== Recorded data ==

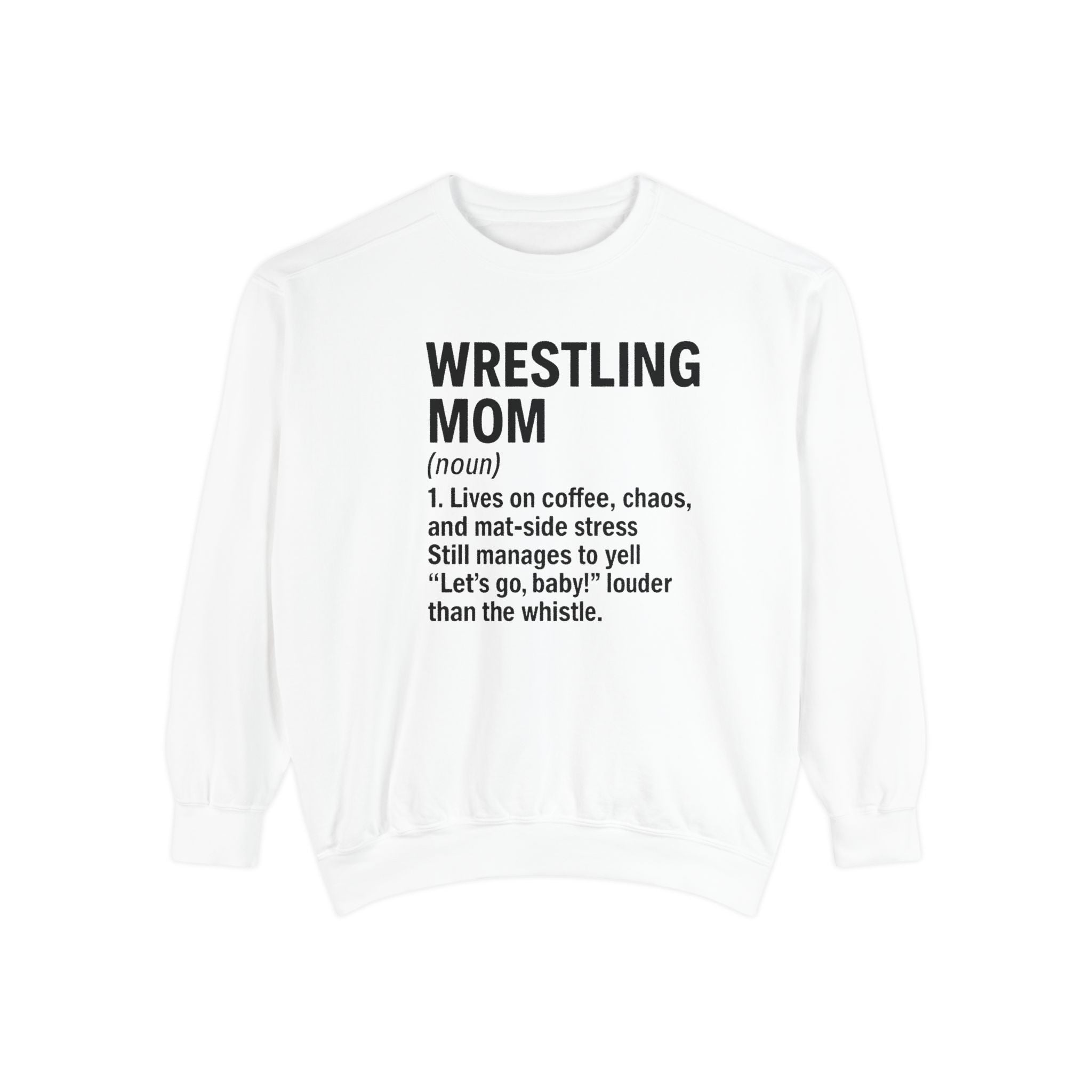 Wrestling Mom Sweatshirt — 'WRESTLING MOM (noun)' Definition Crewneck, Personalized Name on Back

===
== Recorded data ==

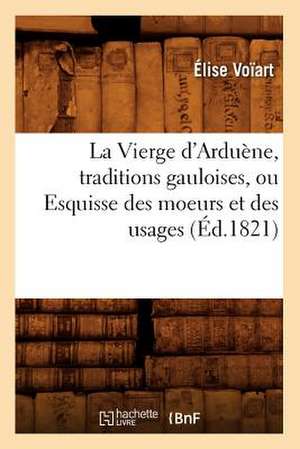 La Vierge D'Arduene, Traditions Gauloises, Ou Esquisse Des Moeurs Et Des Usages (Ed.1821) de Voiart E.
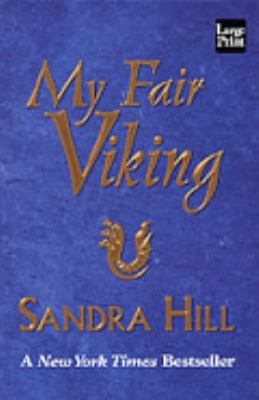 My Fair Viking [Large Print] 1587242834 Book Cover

===

Assignment: Skip every picture, and restate word for word only the lines above from the line containing "La Vierge D'Arduene, Traditions" to the line containing "My Fair Viking", both of them included.

Response area:
 La Vierge D'Arduene, Traditions Gauloises, Ou Esquisse Des Moeurs Et Des Usages (Ed.1821) de Voiart E.
 My Fair Viking [Large Print] 1587242834 Book Cover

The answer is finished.